XHNG-FM

Cuernavaca, Morelos; Mexico;
- Frequency: 98.1 MHz
- Branding: Súper

Programming
- Format: Pop

Ownership
- Owner: Grupo Audiorama Comunicaciones; (Radio Nova, S.A. de C.V.);
- Sister stations: XHCM-FM, XHCU-FM

History
- First air date: 1975
- Call sign meaning: "Cuernavaca, Morelos"

Technical information
- ERP: 15 kW

Links
- Webcast: Listen live
- Website: audiorama.mx

= XHNG-FM =

Radio station in Cuernavaca, Morelos, Mexico

XHNG-FM is a radio station on 98.1 FM in Cuernavaca, Morelos, Mexico. It is owned by Grupo Audiorama Morelos and is known as Súper 98.1 with a pop format.

==History==
XHNG was awarded in December 1971 to Romeo Herrera Caballos and received its formal concession on March 12, 1976, having signed on in the summer of 1975. The station was known as Nova FM and later Estéreo Nova, airing a pop format. In order to ensure that his children studied and did not use the radio station as a toy, Herrera sold XHNG in 1981 to Julio Velarde, who at the time was the general manager for Radio Fórmula in Mexico City.

In the 1990s, the station took on the name "Super Nova" and became part of Radiorama; in 2004, it adopted the Los 40 Principales brand.
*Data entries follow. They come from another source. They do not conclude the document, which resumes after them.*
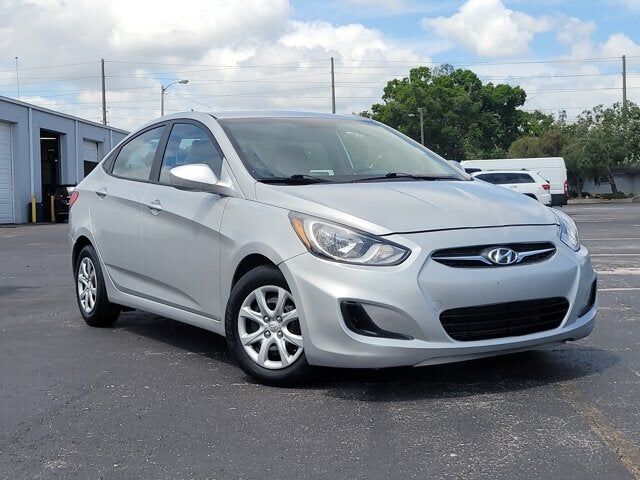 2013 HYUNDAI Accent
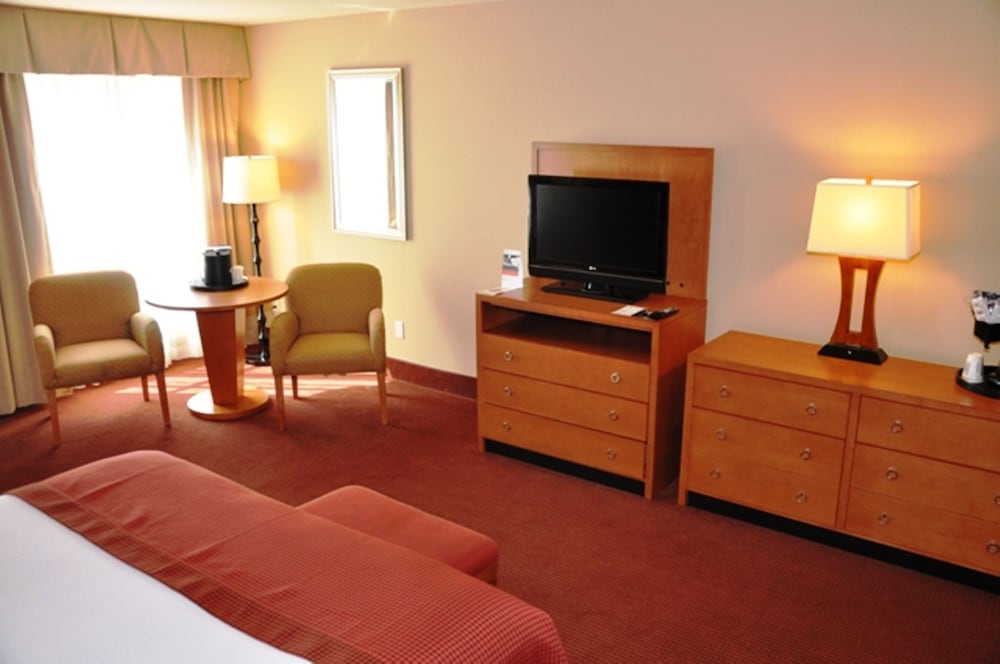 holiday inn and suites oakland airport by ihg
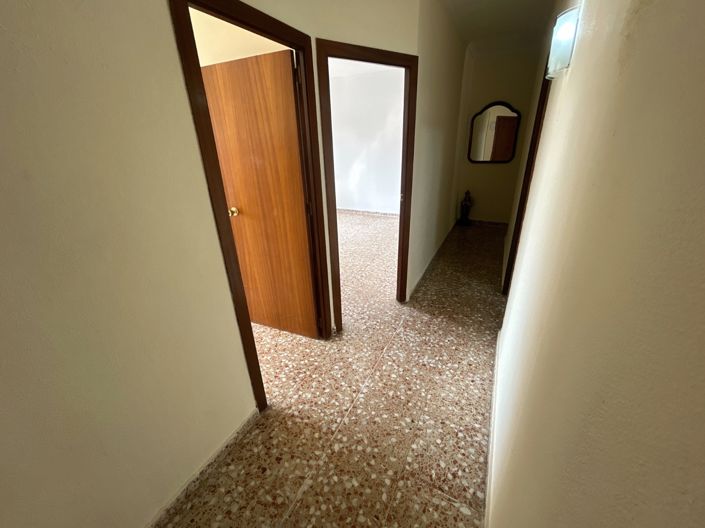 Image No.3-3 Bed Apartment for sale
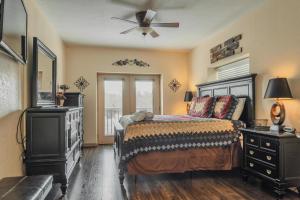 a bedroom with a bed and a ceiling fan at MVC - Unit 3207 - Happy Place in Pigeon Forge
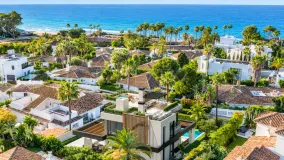 Villa with 6 bedrooms for sale in Los Monteros Playa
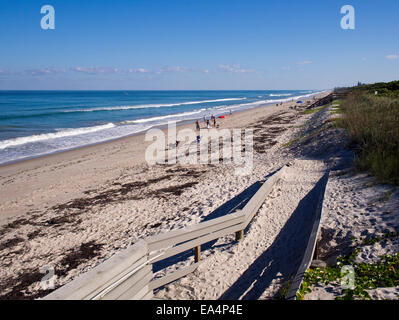 Atlantik bei Ponce de Leon Landung in Melbourne Beach, Florida Stockfoto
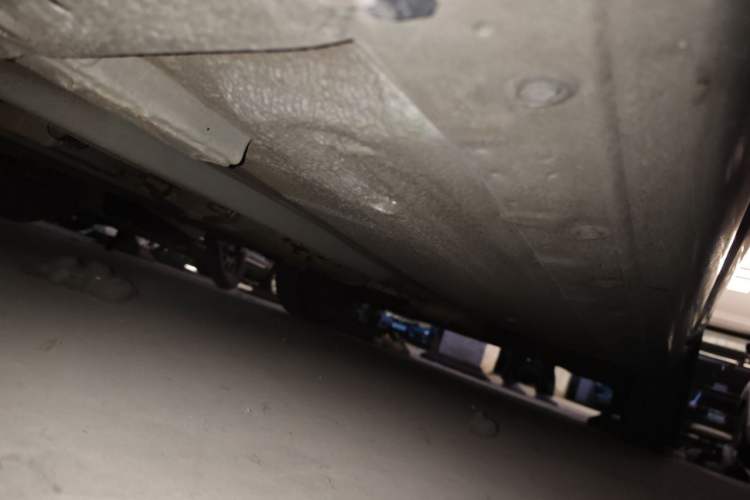 Used Nissan Livina 2010 Jingyue Edition 1.6L Manual All-Around Model Chassis Front Left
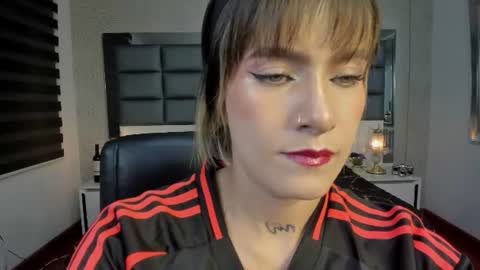 Snapshot of mrs_regina_clk chatting on 18, 6, 2026 Regina online show from 18, 6, 2026
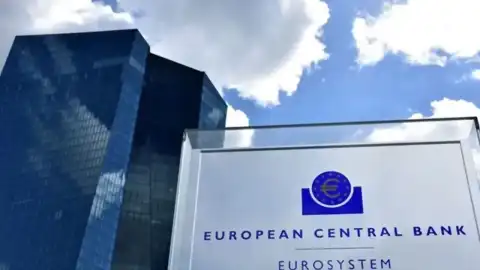 Avrupa Merkez Bankası Faiz Oranlarını Sabit Tutma Kararı Aldı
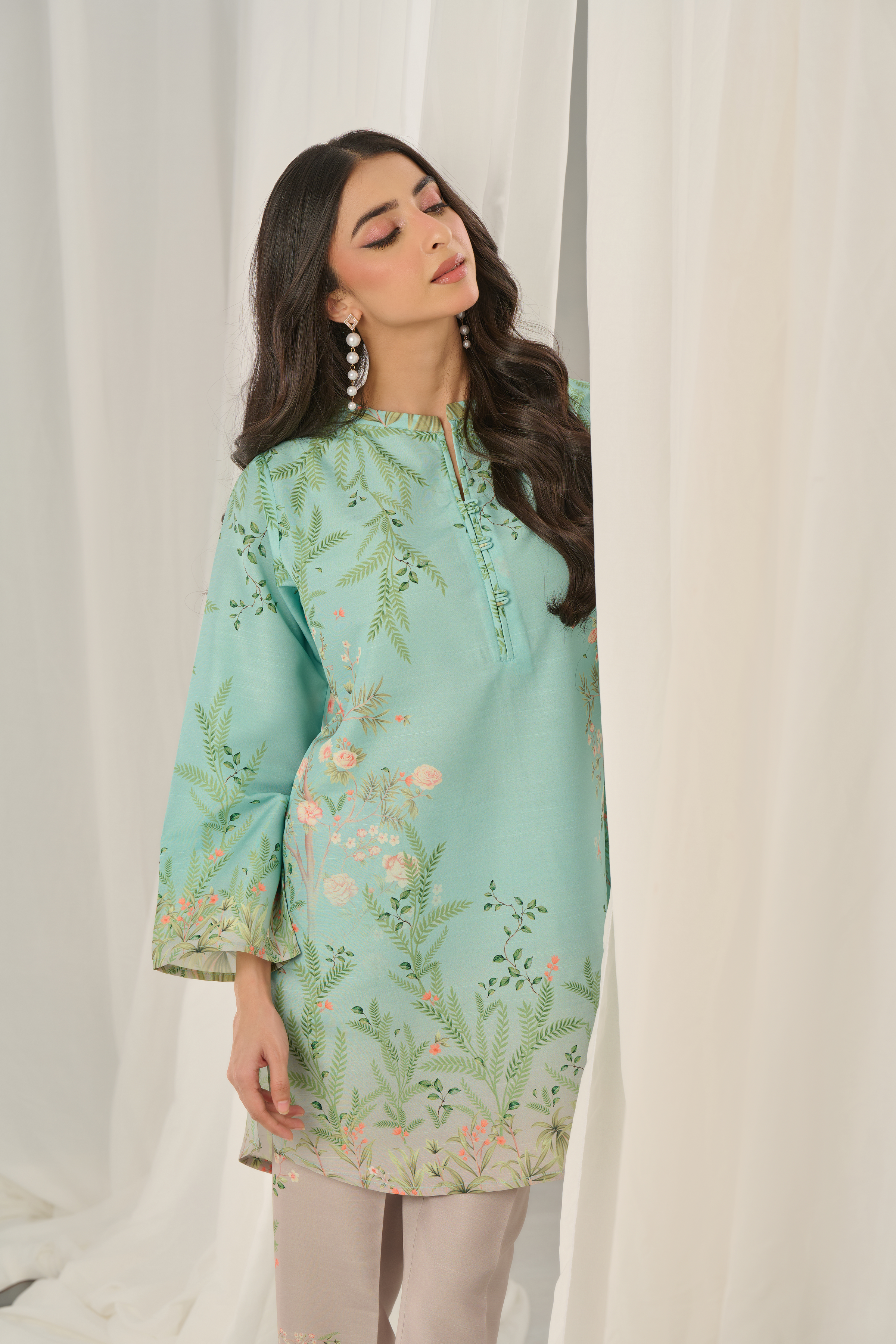 Teal Bloom Muslin Kurta Set for Women – Elegant, Lightweight & Comfortable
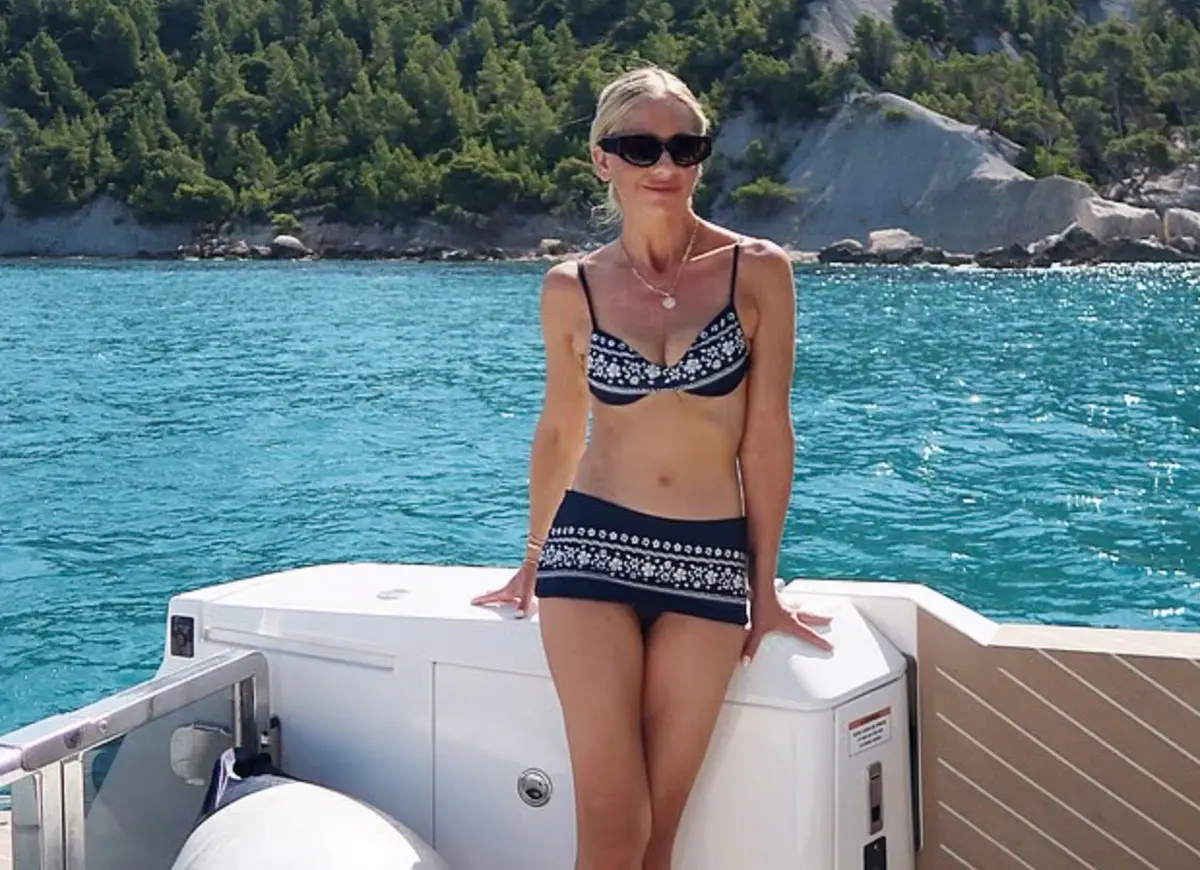 Sarah Michelle Gellar Turns Heads With Stylish French Riviera Getaway Photos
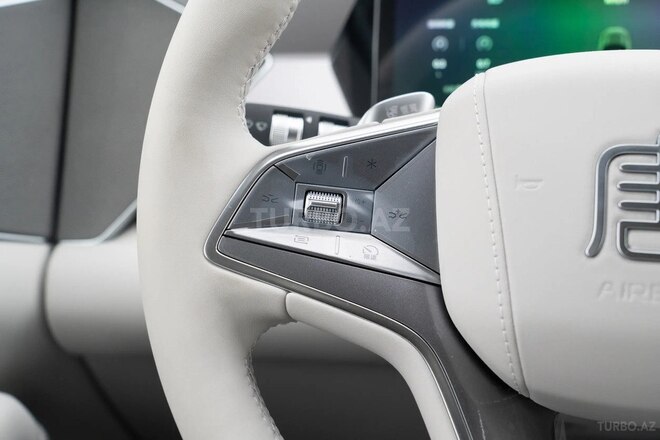 BYD Tang L-13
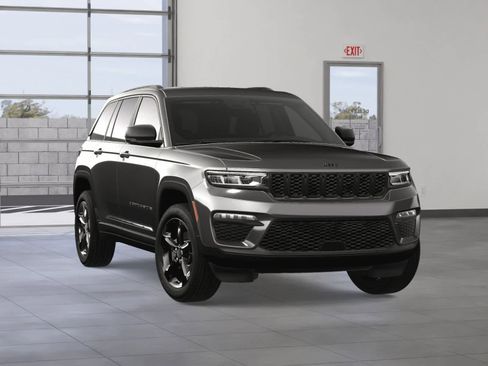 New 2025 Jeep Grand Cherokee Limited w/ Black Appearance Package image 8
The pop format and Los 40 moved in 2011 to XHTB-FM 93.3, and in exchange, the Éxtasis Digital English-language classic hits format from XHTB moved to 98.1. Éxtasis Digital later moved to XHASM-FM 107.7 when the Radiorama and Audiorama clusters in Cuernavaca split.

On September 19, 2017, the 2017 Central Mexico earthquake caused the collapse of the Torre Latinoamericana in Cuernavaca, which was home to Grupo Audiorama's Cuernavaca studios and offices as well as the transmitter facilities of XHCM and XHNG.